No matter what you're doing in the game though, you'll find that it's technically spectacular. While it's obviously not up to the PS2 version's incredibly high bar, texture detail is among the best on PSP, and wrestler faces and animations are incredibly accurate. The audio is characterized by the typical slap-and-hit sound effects and angry rock songs that are standard for these games and wrestling in general, but season mode also has a great deal of voice acting from the wrestlers. The quality of this depends entirely on the skill of the wrestler doing the delivery, so it ranges from ear-wrenchingly awful to fantastic, so if it's not good, at least it's realistic.
In fact, there is one major technical issue, and it's one that brings this game down from excellent to merely great – the load time. It's overwhelming; moving from a menu to a match can incur huge load times spread across three splash screens. Smaller but still palpable load time occurs between nearly every change from a menu to another game mode, and loading hiccups can even occur within the game itself. This can cause small moments of freezing in matches or out-of-sync lip movements in cut scenes. It's infuriating, but in a game this good on a format that's never had a really strong game in this genre, it's survivable.

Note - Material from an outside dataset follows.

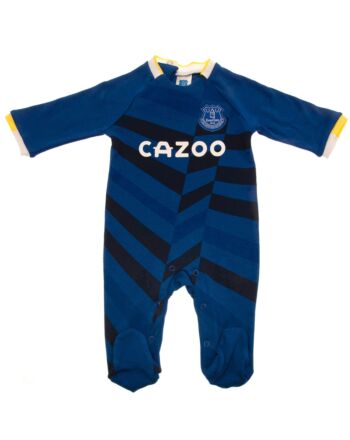 Everton FC Sleepsuit 0-3 Mths-TM-00108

If we absolutely had to do a straight comparison to the PS2 version of the game, we'd find that it doesn't contain as many unlock options, but has more mini-games. We'd find that it doesn't look as good and has longer loading, and lacks some robustness in wrestler creation; we'd find that there's a lack of in-ring commentary and decide on our own if that's a good or bad thing. Throw in the feature of portability, and it's a wash – Smackdown vs Raw 2006 for PSP justifies its premium price tag with a slew of play options, quality technical presentation, and a wrestling system that might be the very best in the genre. If you already have the PS2 version, the connectivity options between the games may not be able to make up for the fact that you just bought the same game twice, but if you're looking for an excellent wrestling experience and you don't want to be leashed to a television, Smackdown vs Raw 2006 has just obsolesced all your other options.